It may not be a stretch to say that the study of reaction kinetics has claimed more hours of chemistry graduate student labor than any other enterprise. Waiting for a reaction to go to “completion” could require hours or even days, and one must keep a watchful eye on the data collection apparatus to avoid wasted runs. There’s a good chance that guy who’s reserved the NMR all night long is battening down for a kinetics run.
All of that effort, of course, leads to supposedly valuable data. The party line in introductory chemistry courses is that under pseudo-first order conditions, one can determine the order of a reactant in the rate law just by watching its concentration over time. We merely need to fit the data to each kinetic “scheme” (zero-, first-, and second-order kinetics) and see which fit looks best to ascertain the order. What could be simpler? The typical method—carried out by thousands (dare I say millions?) of chemistry students over the years—involves attempting to linearize the data by plotting [A] versus t, ln [A] versus t, and 1/[A] versus t. The transformation that leads to the largest R2 value is declared the winner, and the rate constant and order of A are pulled directly from the “winning” equation.
Would you believe that this linearization approach is painfully wrong? Zielinski and Allendoerfer, McNaught, and others have discussed the problems with linearization at length in flowery technical prose. Try the method yourself, and I think you’ll see the problems intuitively: correlation coefficients for linearized data tend to be very large no matter what linearization scheme we choose to use. Even when we know a kinetic order through other means (say, kinetic isotope effects), kinetic schemes known to be incorrect come out looking relatively nice after linearization. I came up against the issue recently while investigating the kinetics of the addition of hydroxide to crystal violet. Linearization using first-order (ln [A] vs. t) and second-order (1/[A] vs. t) schemes gave R2 values of 0.9996 and 0.9902, respectively. If you’re willing to place your bets on an “advantage” (we’ll see in a bit why it really isn’t an advantage) of less than 1%, I have a bridge to sell you…
The problem with linearization is not its effect on the data itself, but how it influences the variations in the data. A kinetics run is a single data set, each point of which has an identical standard deviation that depends only on the quirks of the experimental setup. We must assume the standard deviation is the same throughout the experiment, but even if it isn’t, that doesn’t affect how linearization creates problems. The point is that standard deviation is a function of the experimental setup, not the shape of the data.
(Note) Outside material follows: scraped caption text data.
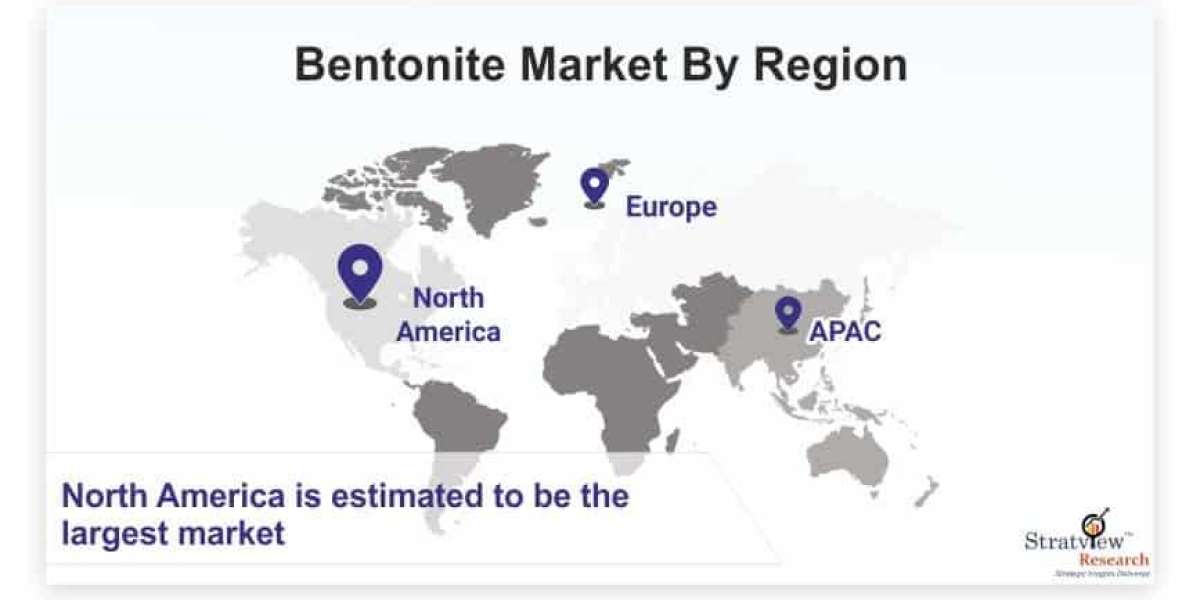 Bentonite Market Study Offering Insights on Latest Advancements, Trends & Analysis from 2021 to 2026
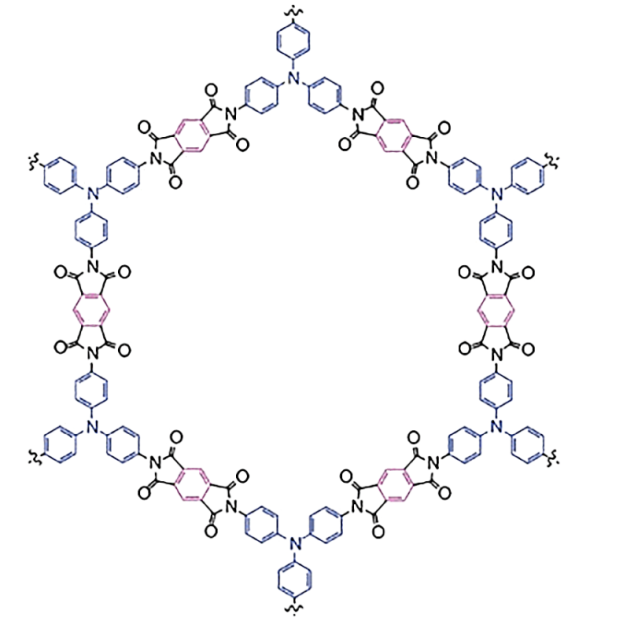 PICOF-1 金属有机骨架，cas286831-92-3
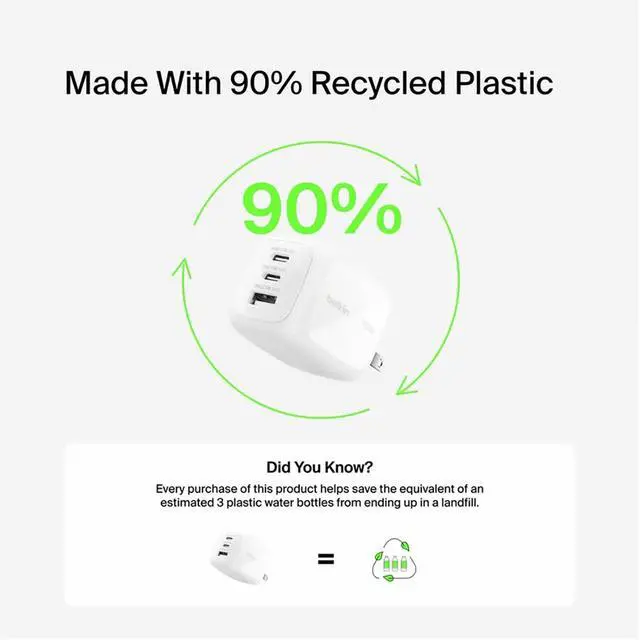 Alt view image 13 of 14 - Belkin 70W GaN 3-Port USB Wall Charger 1xUSB-A, 2xUSB-C - Foldable Prongs Power Adapter White Model WCH018DQWH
Mathematically, standard deviation is proportional to d[A] = c, a constant.
Applying two different transformations to the single data set all of a sudden creates two transformed data sets with different standard deviations, both of which depend on [A]. y1 = ln [A] has a standard deviation profile of dy1 = d(ln [A]) = d[A]/[A] = c/[A]. y2 = 1/[A] has a standard deviation profile of dy2 = d(1/[A]) = –d[A]/[A]2 = –c/[A]2. At small [A]’s, linearization has introduced greater variation in the second-order model than it did in the first-order model…and all we did was transform the data! Ack! This effect of linearization will cause us to reject linearized second-order models too often, even when non-linear regression would’ve suggested that the second-order model was superior. Ouch.
Non-linear regression is a thing, of course, and we can use it to fit the raw data without the problems associated with linearization. Excel uses non-linear regression, for example, for all of its non-linear trendlines (shouldn’t they be called “trendcurves”?). Even this doesn’t solve our problem, however—yes, we’ve eliminated the “multiplying variances” issue, but comparing R2 values is still the wrong approach. The Wikipedia articles on regression model validation and Anscombe’s quartet do a nice job of explaining why. R2 is not a sufficient statistic for assessing the relative fit of two statistical models.
The way to go is to use the F-test, which can be used to assess the relative fit of two models to a set of data. The F statistic is a ratio of reduced χ2 statistics for the two models, each of which captures (essentially) how much the data differs from the model. An F statistic larger than a critical value indicates that one model is significantly better than the other. Packed into the F and reduced χ2 values are all kinds of checks (missing from R2) to ensure that the χ2 values are directly comparable and thus that the F statistic has meaning.
This linearization issue is the kind of thing that the typical chemistry student doesn’t hear about until his/her third or fourth year of college—a classic example of “we know this isn’t quite right, but it’ll get you by in general chemistry.” It brings up the broader issue of the role of statistics in the chemistry curriculum, and the fact that there probably isn’t enough of it around in the early stages. In my view, statistics ought to be a mindset promoted by chemistry teachers rather than something that necessarily receives dedicated class time. The student needs to know when to question her results and subject them to statistical scrutiny, but the details of the exact statistical tests to use are not so important.